- REQUIRED ACTION -
Bring together every line in the data that includes "Sofa".

- EXERCISE MATERIAL -
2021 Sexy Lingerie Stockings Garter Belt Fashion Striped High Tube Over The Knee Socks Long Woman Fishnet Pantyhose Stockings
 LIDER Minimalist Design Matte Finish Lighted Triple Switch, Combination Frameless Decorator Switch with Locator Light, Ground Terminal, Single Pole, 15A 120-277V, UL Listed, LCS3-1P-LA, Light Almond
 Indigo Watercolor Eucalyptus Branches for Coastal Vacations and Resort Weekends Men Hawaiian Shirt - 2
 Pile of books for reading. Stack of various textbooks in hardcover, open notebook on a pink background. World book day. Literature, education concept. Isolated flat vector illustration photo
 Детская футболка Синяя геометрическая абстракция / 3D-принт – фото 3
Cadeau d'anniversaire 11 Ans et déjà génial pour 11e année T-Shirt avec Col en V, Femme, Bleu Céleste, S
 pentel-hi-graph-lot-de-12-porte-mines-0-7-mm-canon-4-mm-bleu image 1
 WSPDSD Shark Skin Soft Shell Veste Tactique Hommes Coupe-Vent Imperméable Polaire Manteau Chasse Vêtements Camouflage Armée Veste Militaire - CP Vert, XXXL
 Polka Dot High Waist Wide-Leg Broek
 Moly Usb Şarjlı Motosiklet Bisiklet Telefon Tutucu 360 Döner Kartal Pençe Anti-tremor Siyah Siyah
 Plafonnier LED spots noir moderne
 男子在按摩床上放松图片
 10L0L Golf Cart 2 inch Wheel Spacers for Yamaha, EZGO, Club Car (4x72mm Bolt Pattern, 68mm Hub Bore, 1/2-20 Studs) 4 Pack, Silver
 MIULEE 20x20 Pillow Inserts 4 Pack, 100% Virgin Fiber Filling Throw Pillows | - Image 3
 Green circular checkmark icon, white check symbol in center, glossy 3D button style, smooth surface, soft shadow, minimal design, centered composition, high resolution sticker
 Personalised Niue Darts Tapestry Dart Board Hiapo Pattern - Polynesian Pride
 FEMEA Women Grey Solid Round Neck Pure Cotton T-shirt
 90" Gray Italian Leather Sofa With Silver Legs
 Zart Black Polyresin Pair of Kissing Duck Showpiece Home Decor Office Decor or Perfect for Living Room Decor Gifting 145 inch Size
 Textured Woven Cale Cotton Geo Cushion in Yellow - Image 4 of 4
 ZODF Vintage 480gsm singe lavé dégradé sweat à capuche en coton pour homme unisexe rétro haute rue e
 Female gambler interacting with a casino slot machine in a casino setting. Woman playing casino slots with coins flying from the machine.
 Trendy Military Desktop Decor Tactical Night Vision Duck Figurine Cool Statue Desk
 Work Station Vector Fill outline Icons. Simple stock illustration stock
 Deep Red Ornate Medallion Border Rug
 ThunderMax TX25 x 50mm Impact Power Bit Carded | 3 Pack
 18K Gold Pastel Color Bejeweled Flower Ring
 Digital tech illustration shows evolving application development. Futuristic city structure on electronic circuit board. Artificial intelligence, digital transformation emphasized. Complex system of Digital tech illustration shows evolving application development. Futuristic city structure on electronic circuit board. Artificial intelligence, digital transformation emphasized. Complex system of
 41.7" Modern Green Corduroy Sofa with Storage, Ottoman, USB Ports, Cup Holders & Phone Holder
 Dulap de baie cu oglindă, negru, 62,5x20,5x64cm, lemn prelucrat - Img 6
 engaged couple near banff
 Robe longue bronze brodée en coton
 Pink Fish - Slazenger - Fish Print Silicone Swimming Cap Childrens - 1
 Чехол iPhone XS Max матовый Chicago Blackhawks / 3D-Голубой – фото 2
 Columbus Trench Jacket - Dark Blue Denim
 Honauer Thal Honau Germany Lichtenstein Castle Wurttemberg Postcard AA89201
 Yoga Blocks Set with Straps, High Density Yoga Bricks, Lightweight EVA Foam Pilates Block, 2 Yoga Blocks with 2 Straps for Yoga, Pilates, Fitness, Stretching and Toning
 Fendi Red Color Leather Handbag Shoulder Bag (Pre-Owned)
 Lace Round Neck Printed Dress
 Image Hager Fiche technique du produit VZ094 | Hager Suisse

- EXERCISE RESULT -
 90" Gray Italian Leather Sofa With Silver Legs
 41.7" Modern Green Corduroy Sofa with Storage, Ottoman, USB Ports, Cup Holders & Phone Holder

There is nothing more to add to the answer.